• [INSTRUCTIONS FOR THE TASK]: With the pictures left aside, write out exactly the lines of the listing below from the line with "Fida Retractable Dog" to the line with "Giganti letterari russi", both included, and only those.

• [RECORDS TO PROCESS]:
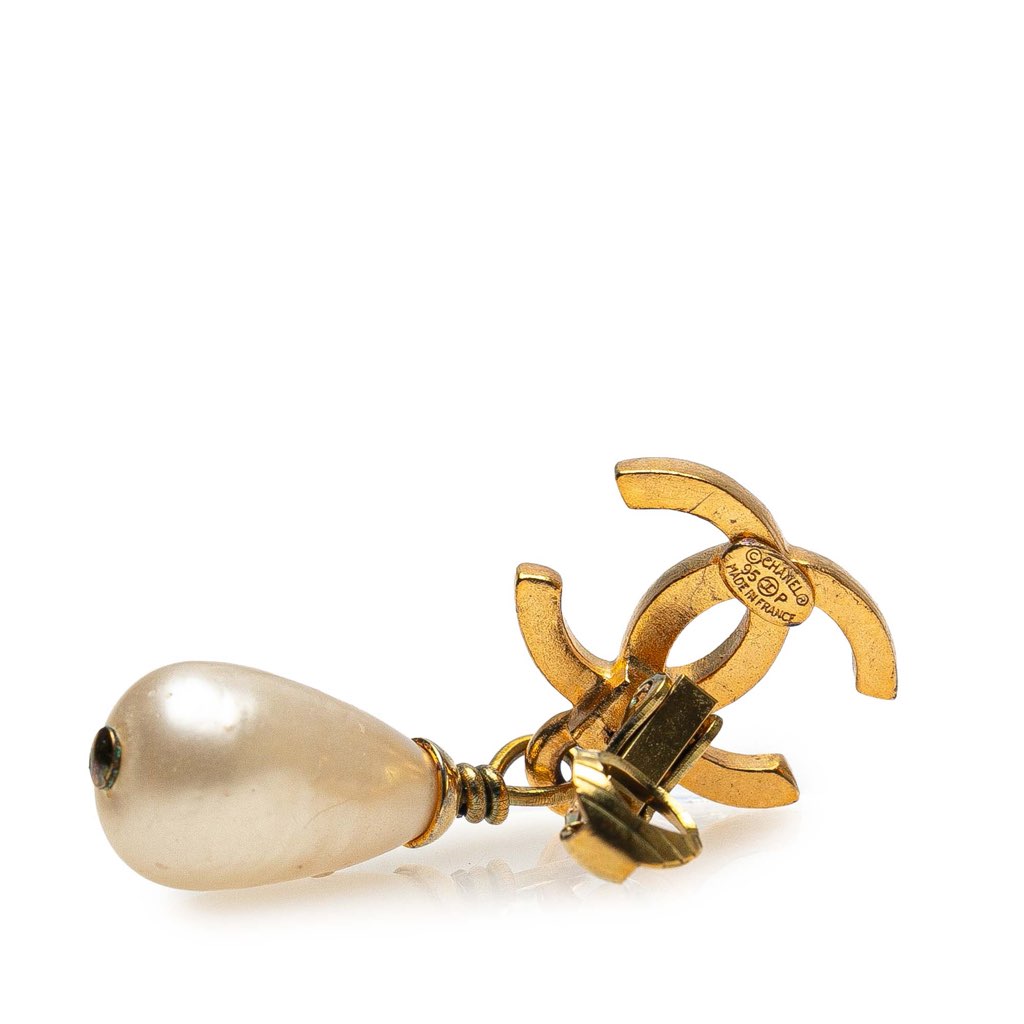 Chanel Gold Plated CC Faux Pearl Drop Clip on Earrings - Image 6
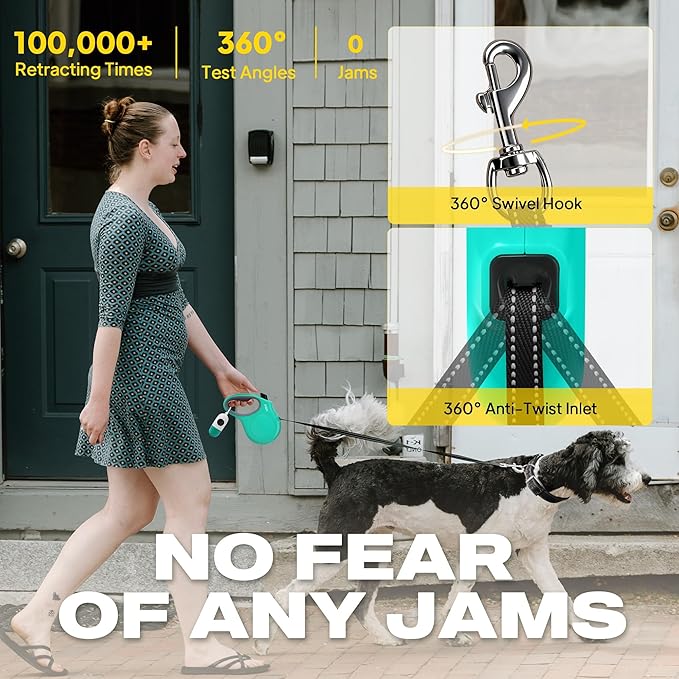 Fida Retractable Dog Leash with Dispenser and Poop Bags, 16 ft Pet Walking Leash for Large Dog up to 110 lbs, Anti-Slip Handle, Tangle-Free, Reflective Nylon Tape (L, Teel)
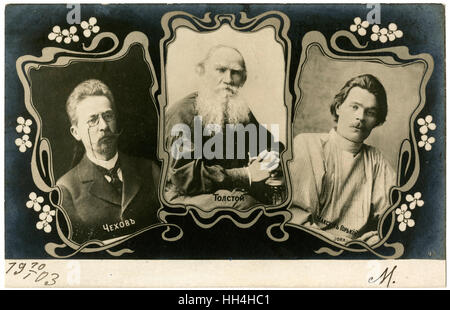 Giganti letterari russi - Chekov, Tolstoy e Gorky Foto Stock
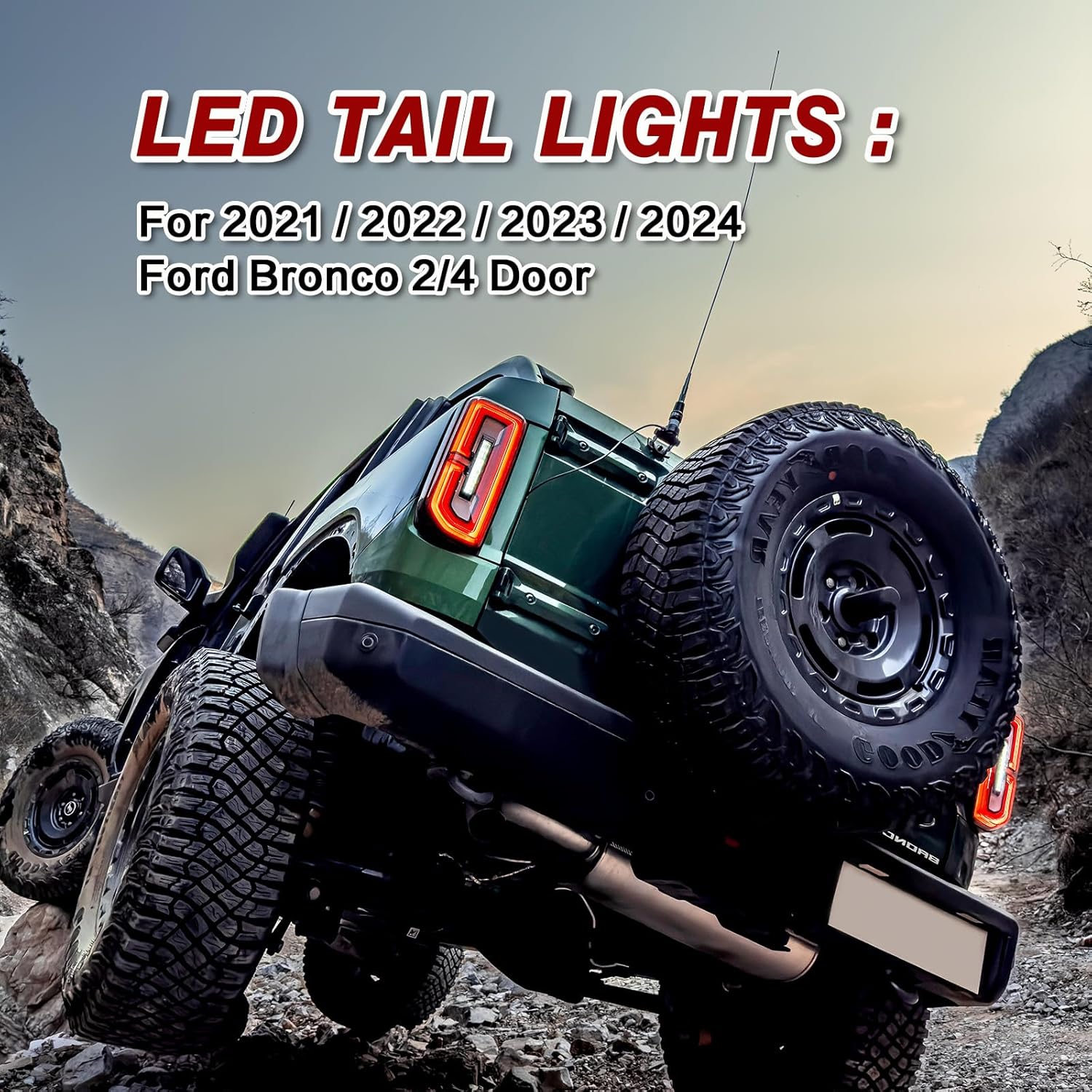 LED Tail Lights Assembly Compatible with 2021 2022 2023 2024 Ford Bronco LED Original Model Taillight Rear Brake Lamp Signal Assembly Partslink:M2DZ13405B(Left Driver Side)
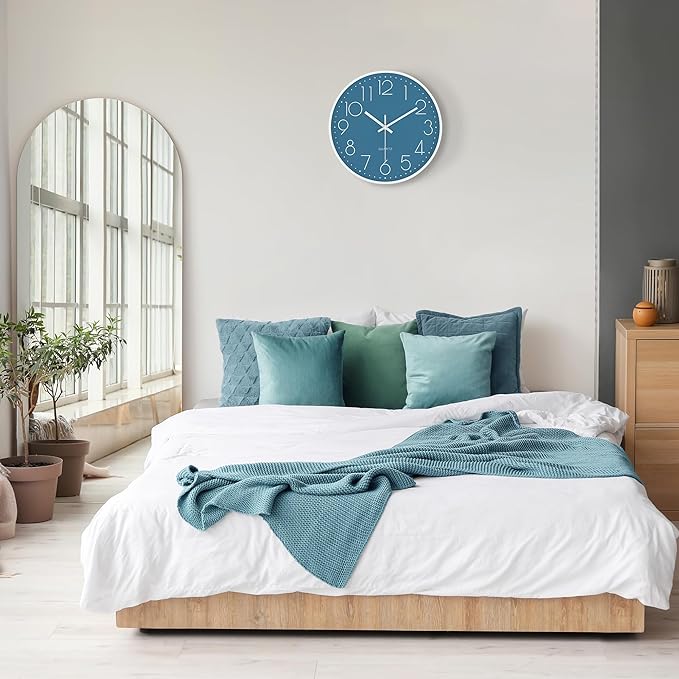 Lafocuse 12 Inch Silent Navy Blue Wall Clocks Battery Operated, Analog Wall Clock for Kitchen Living Room Bedroom Home Decor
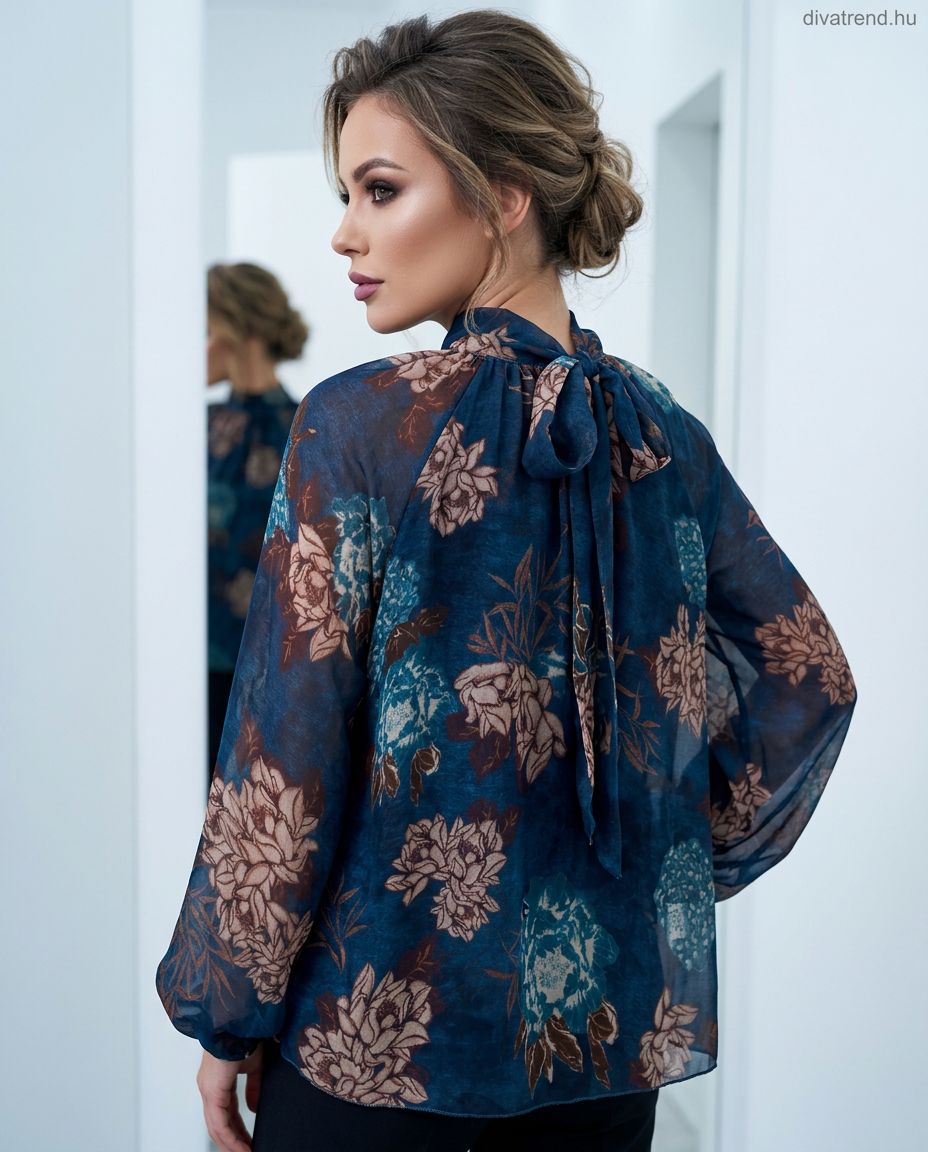 virágmintás fodros chiffon blúz, masnis hátú hátulról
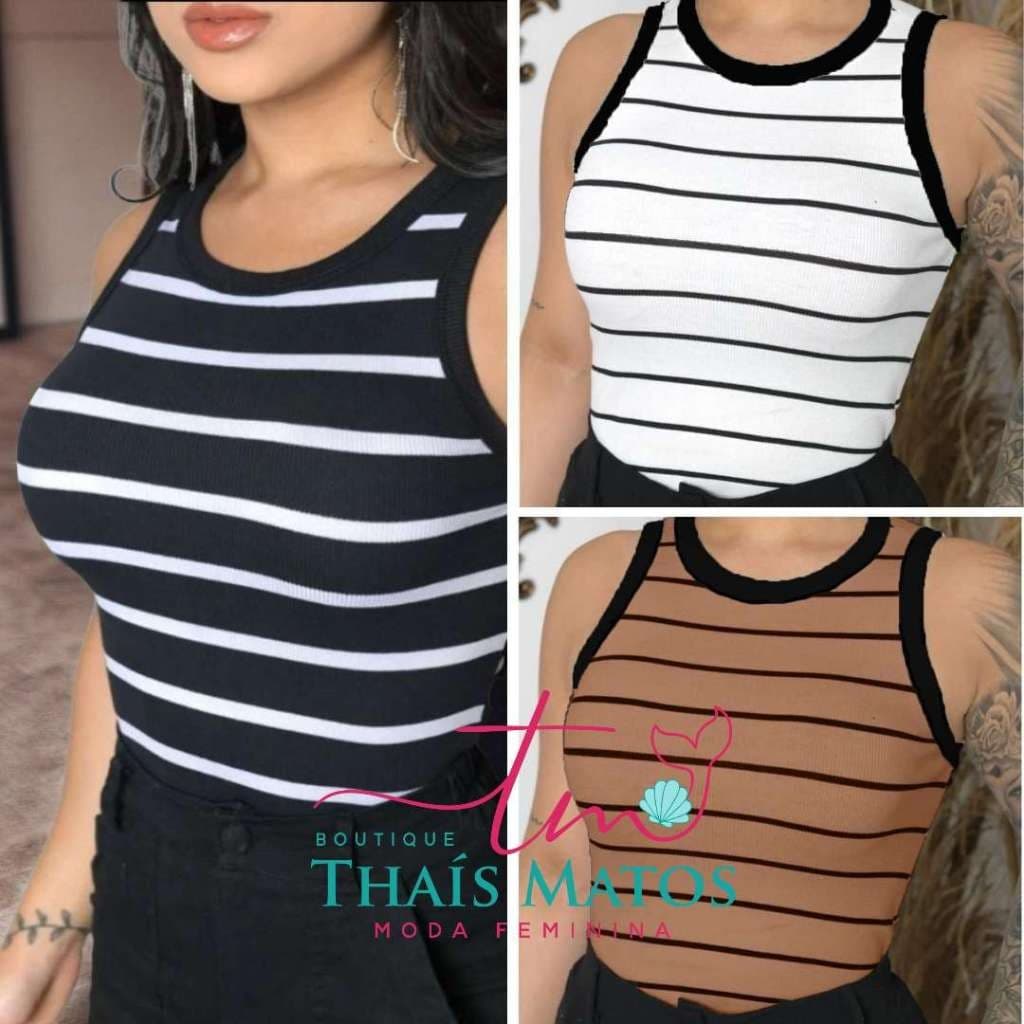 Kit Camiseta Regata Feminina Canelada Listrada e Lisa Ribana Camiseta Básica Blusa Regata Casual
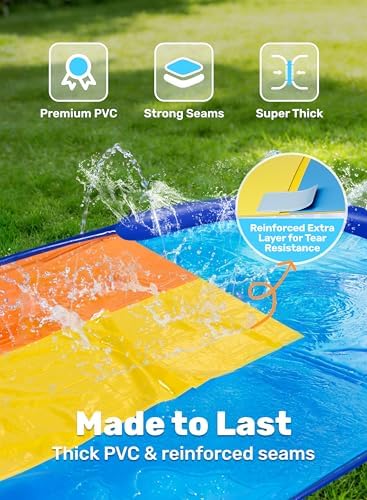 Sloosh Triple Water Slide with 3 Bodyboards — 18FT Backyard Lawn Splash Slide with Built-I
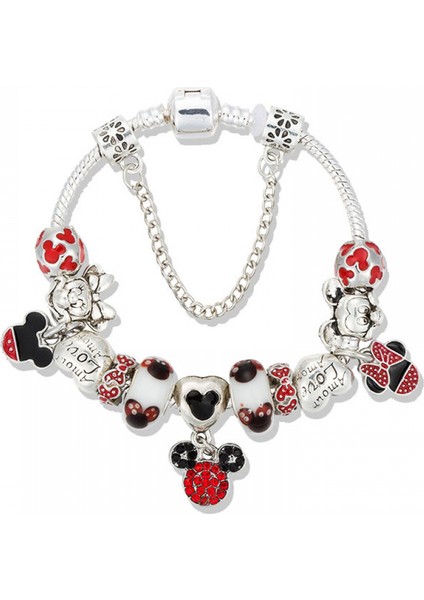 Kadın Charm Bileklik, Kolye Boncuklu Yılan Kemik Zinciri, Çoğu Bileğe Uygun, Kadınlar Için Sevgililer Günü Hediyesi (Boyut: 17CM) (Yurt Dışından)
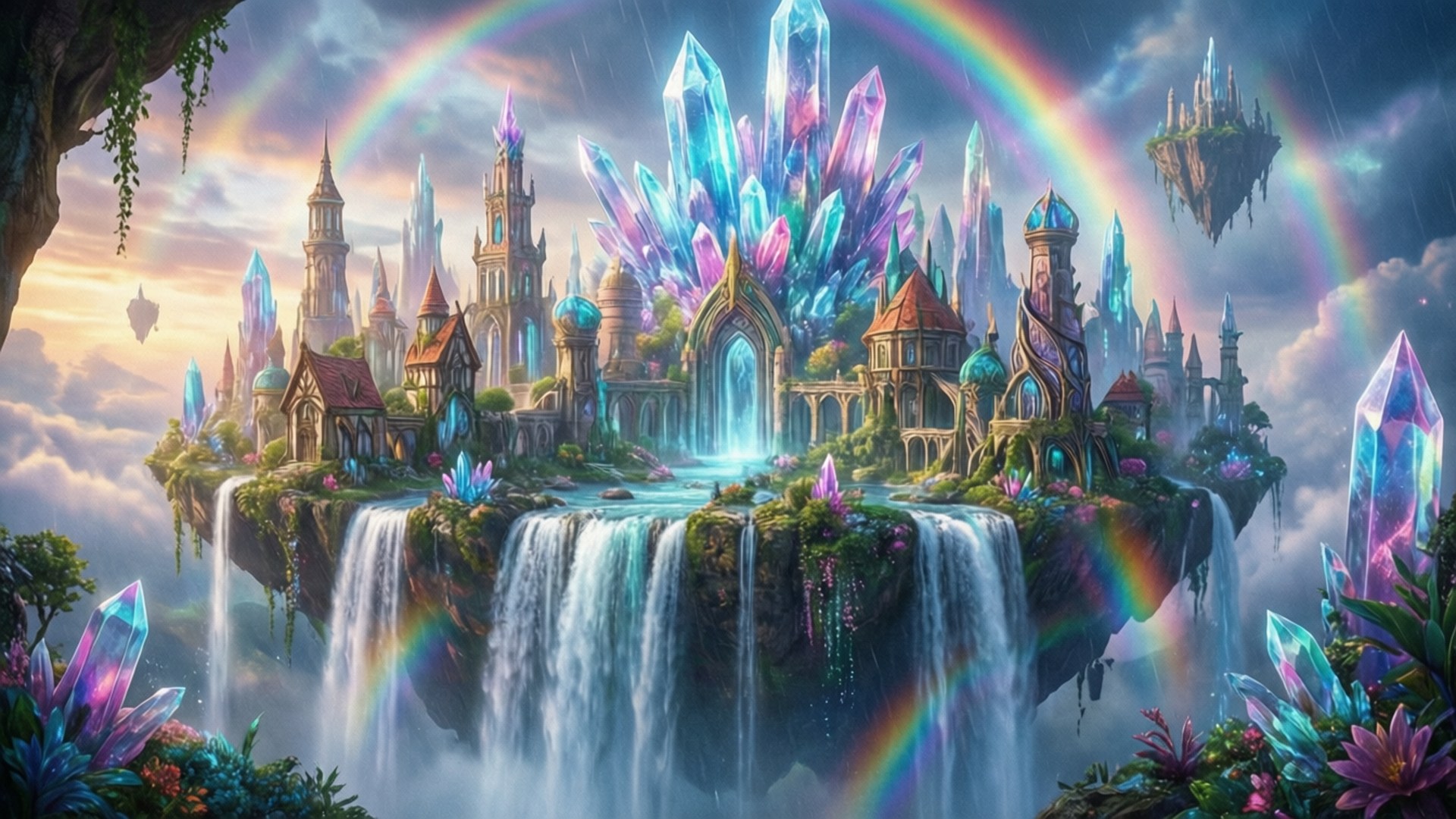 城市風景 桌布 壁紙 — 在雙彩虹下的魔法天空中，漂浮的奇幻城堡，帶有發光水晶和瀑布。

• [EXERCISE OUTPUT]:
 Fida Retractable Dog Leash with Dispenser and Poop Bags, 16 ft Pet Walking Leash for Large Dog up to 110 lbs, Anti-Slip Handle, Tangle-Free, Reflective Nylon Tape (L, Teel)
 Giganti letterari russi - Chekov, Tolstoy e Gorky Foto Stock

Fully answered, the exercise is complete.